Think of it this way: if you split a $1,000 portfolio evenly between 10 stocks, of which five failed and four delivered no returns (stayed flat), but one of them delivered a 10-fold return, your overall return would be 40%. So, finding and adding these multibaggers is an essential part of an investor’s journey.
It isn’t an exact science, but here are two stocks I believe have the potential to deliver these multi-fold returns over the next decade.
E-commerce giant
Shopify (TSX:SHOP)(NASDAQ:SHOP) is already one of the most successful technology companies in the country. Since it listed in 2015, the stock has already multiplied 14 times over, going from $35 to $490 today. Shopify is now the second-largest online retailer in the world and, by far, the largest in Canada.
While some investors seem convinced Shopify’s best and fastest growth years are behind it, I’m not so sure. Global retail is worth $24 trillion and online retail still accounts for less than one-fifth of it. There’s tremendous potential for e-commerce growth in developing markets and new territories for the next few decades.
Shopify’s asset-light and capital-efficient business model puts it in a good position to dominate a substantial chunk of this market. The platform already has a base of over a million vendors from across the world and the upcoming roll-out of fulfillment centres should give the company another edge over its smaller e-commerce rivals.

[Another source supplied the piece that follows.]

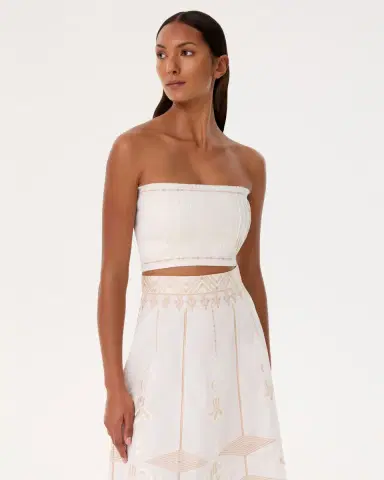 Emporio Sirenuse Flavia Top with Iris Embroidery | Thumbnail 5 Emporio Sirenuse Flavia Top with Iris Embroidery | Thumbnail 5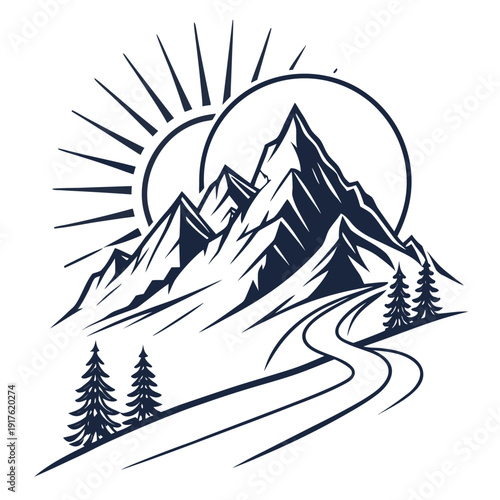 logo sharp mountain peaks with a rising sun behind, clean line art professional colorfull,logo in circle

At its current pace of revenue growth, roughly 45%, the company could deliver a 10-fold return by 2026 or 2027.
Software as a service
Compared to online commerce, the market for international shipment software isn’t that big. Global demand for supply chain management software could exceed $8 billion by 2022, so it’s a fraction of global retail. However, there are very few players in this industry, which gives incumbents like Kinaxis (TSX:KXS) plenty of room to grow.
With an established foothold in the market and relatively less competition, Kinaxis has already delivered stunning returns for shareholders. The stock has already delivered a 700% return since listing in 2014. That’s an annual growth rate of 39.5% over six years.

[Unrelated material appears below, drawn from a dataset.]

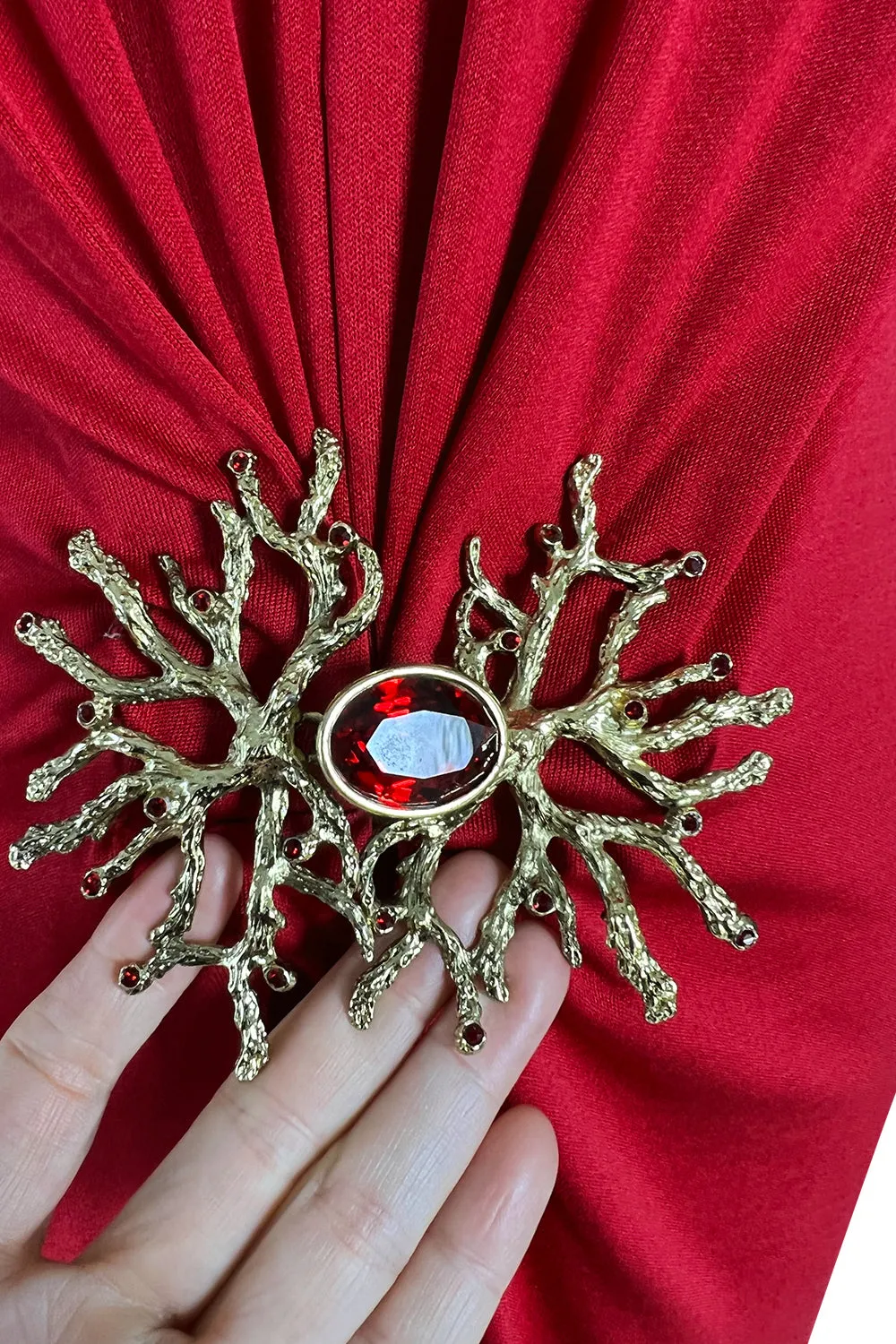 Iconic Fall 1985 Yves Saint Laurent Ad Campaign Red Plunge Dress w Jewel Clasp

Assuming future growth is slower, at just under 27% a year, the stock could deliver a 10-fold return by 2028 or 2029.
Can the company deliver this stunning performance? I believe it can, based on the proven track record of other software-as-a-service giants. Enterprise customers tend to have higher retention rates, and the software they purchase tends to have lucrative margins. Kinaxis reported gross margin at 73% in its latest quarter. Meanwhile, cash from operations expanded 81% quarter on quarter.
That gives the Kinaxis team plenty of room to reinvest in the business, create new features for the platform, acquire smaller innovative startups, and ultimately reward shareholders with attractive returns.